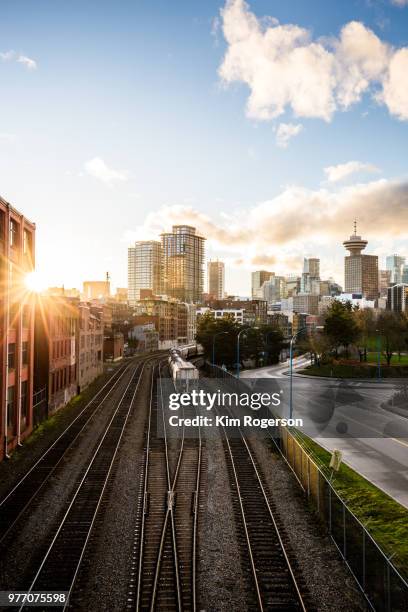 railroad tracks with sunburst await the transport trains into vancouver - downtown vancouver stock pictures, royalty-free photos & images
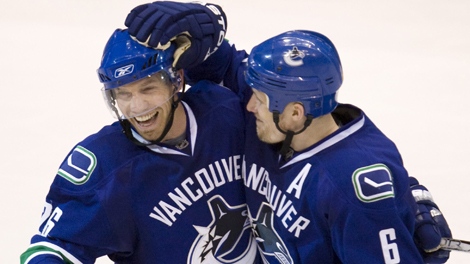 Vancouver Canucks' Mikael Samuelsson, left, celebrates his goal with teammate Sami Salo during the third period against the Los Angeles Kings in game 5 NHL western conference playoff hockey action at GM Place in Vancouver, Friday, April 23, 2010. THE CANADIAN PRESS/Jonathan Hayward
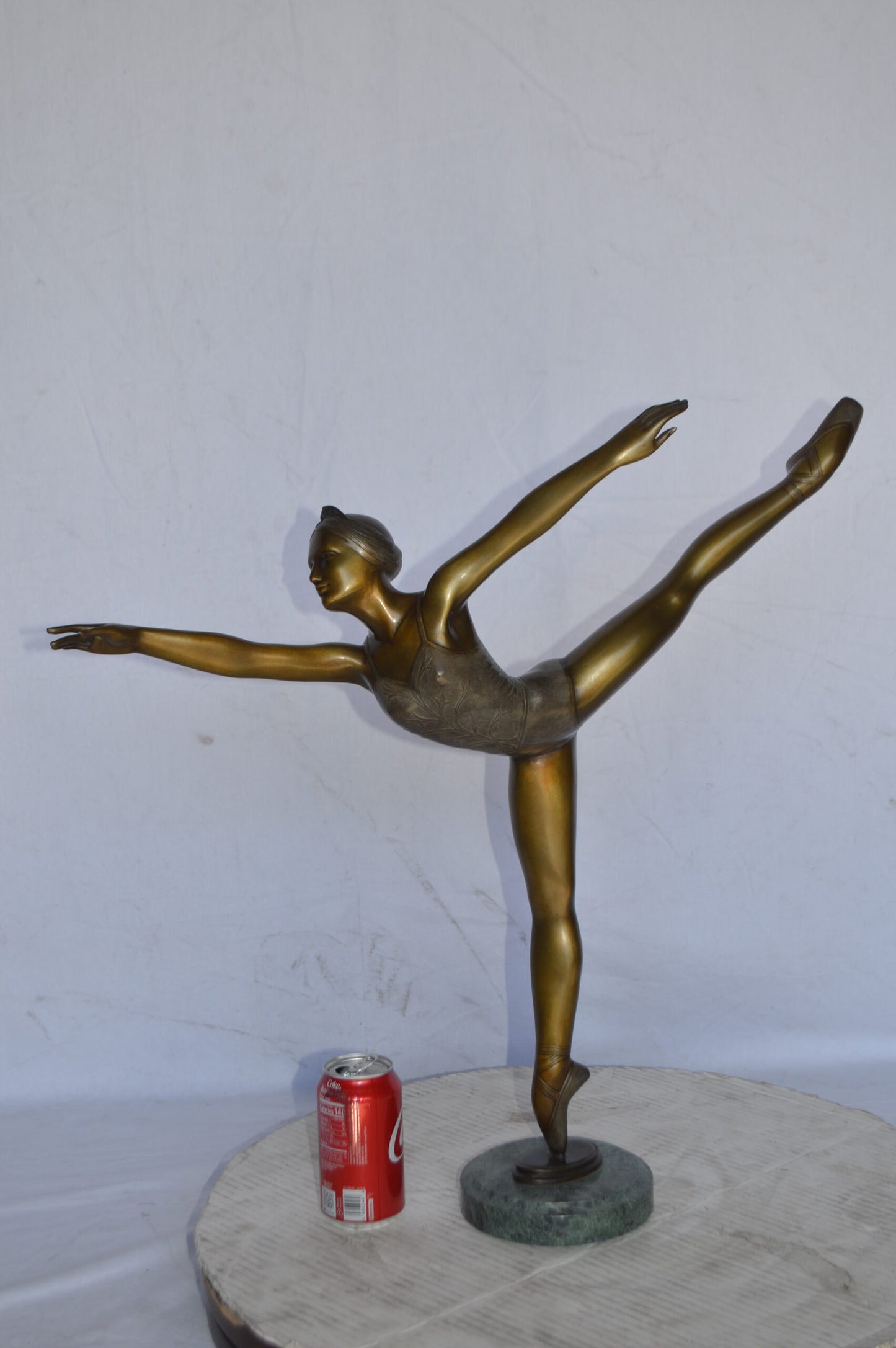Ballerina Dancing in Action Bronze Statue - Size: 25"L x 8"W x 29"H.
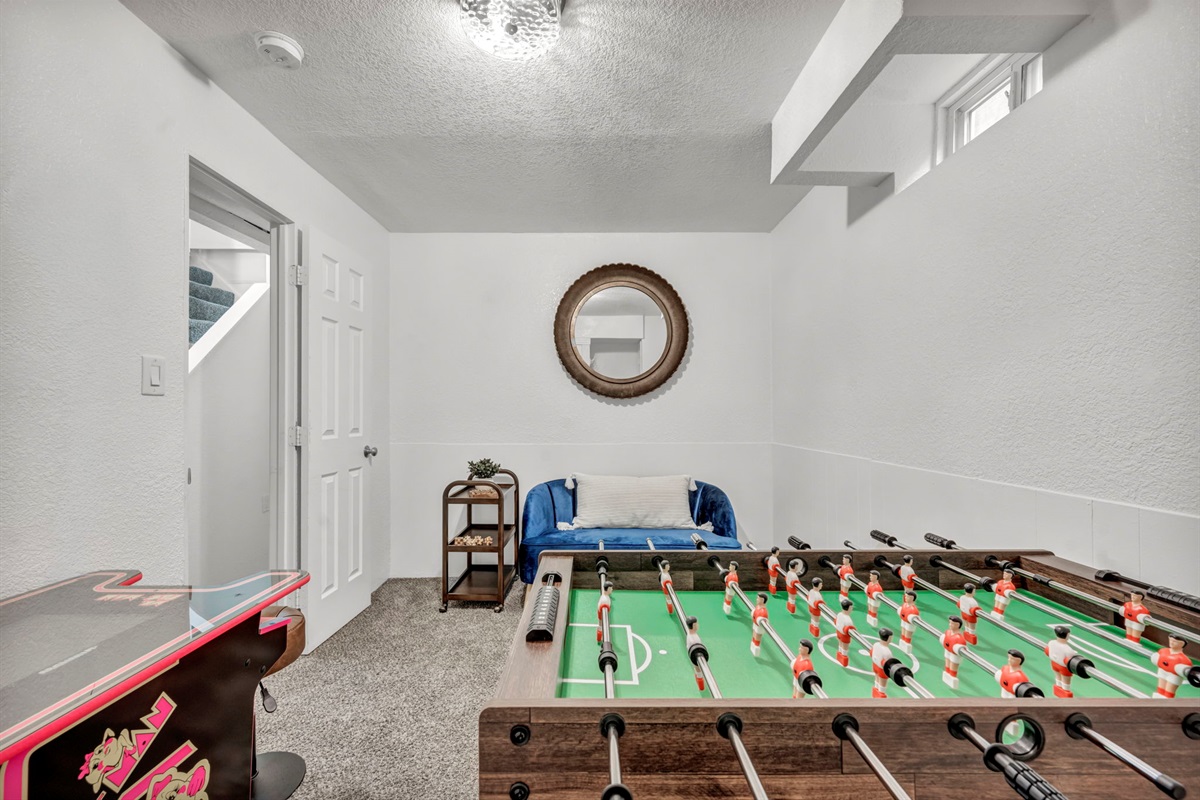 Fun!  Foosball and Pac Man game room.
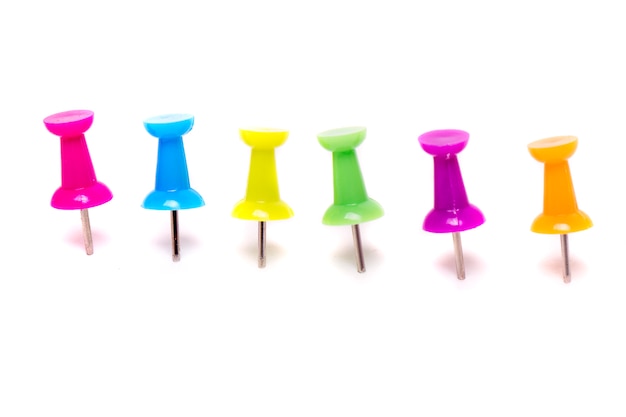 View of a horizontal line of pinned colorful push pins isolated on a white background.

==================================================

Using the records above, copy exactly and only the lines from the line with "Man game room." through the end, both included; leave every picture out.

 Fun!  Foosball and Pac Man game room.
 View of a horizontal line of pinned colorful push pins isolated on a white background.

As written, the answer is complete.